=== Pictures with short captions ===
%%

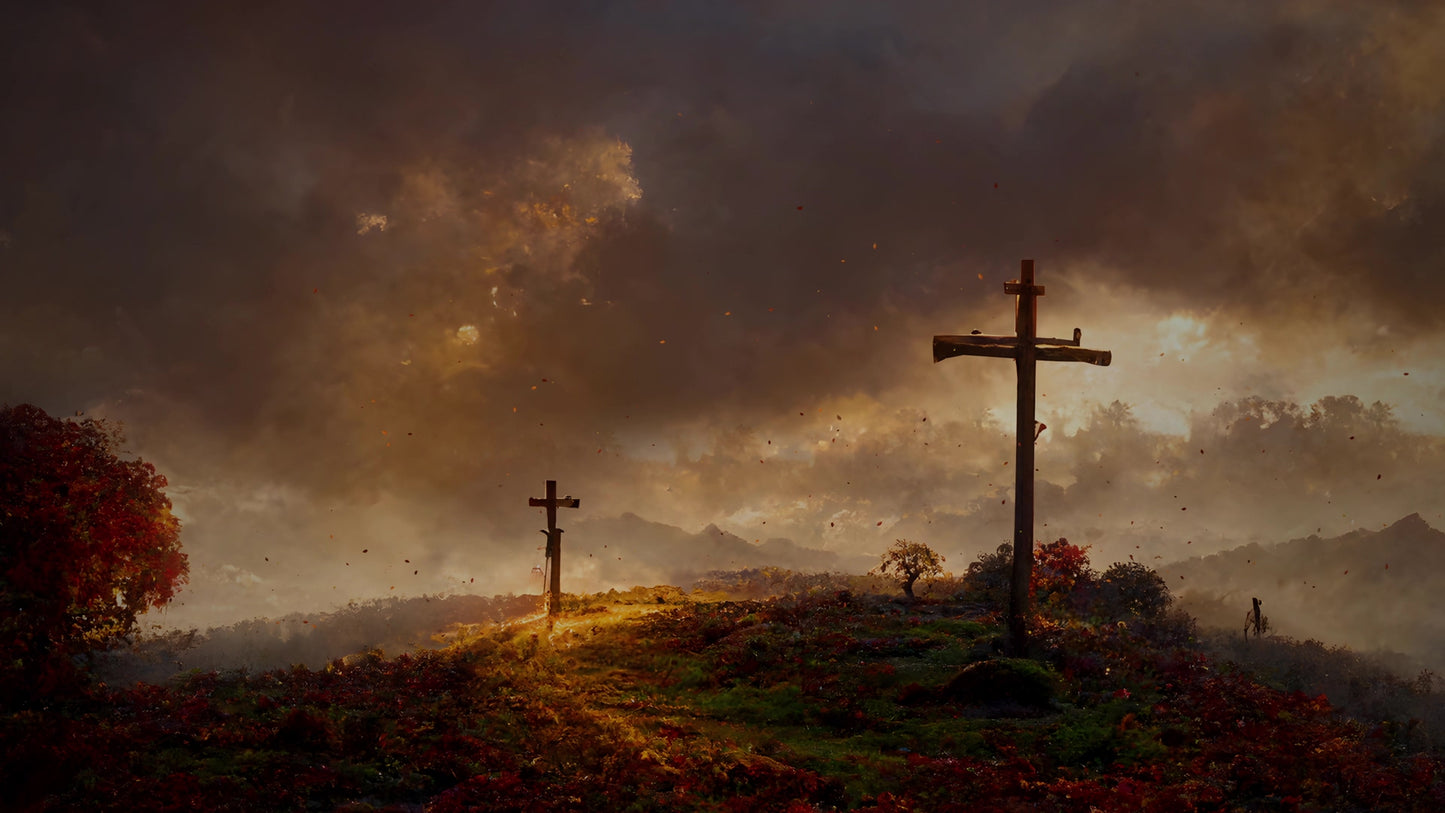 Autumn Skynet Six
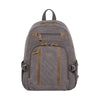 Medium Canvas Daypack | TRP0256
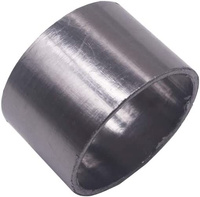 USZCZELKA KOLEKTORA WYDECHOWEGO POLARIS RZR RANGER 800 5250091 5257254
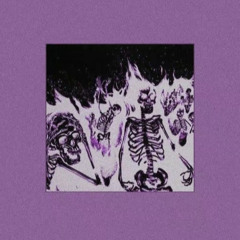 dedheart & eros-Middle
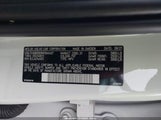 Volvo Xc60 Recharge Plug-In Hybrid T8 R-Design YV4BR0DMXN1946407 photo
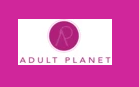 Adult Planet Free Shipping Code & Coupons
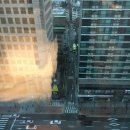 Hotel Peyto(호텔 페이토) 이미지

%%

=== Exercise goal ===
Word for word, repeat only the lines from the line containing "Adult Planet Free Shipping Code & Coupons" through the end of the data, without any pictures.

=== Solved problem ===
 Adult Planet Free Shipping Code & Coupons
 Hotel Peyto(호텔 페이토) 이미지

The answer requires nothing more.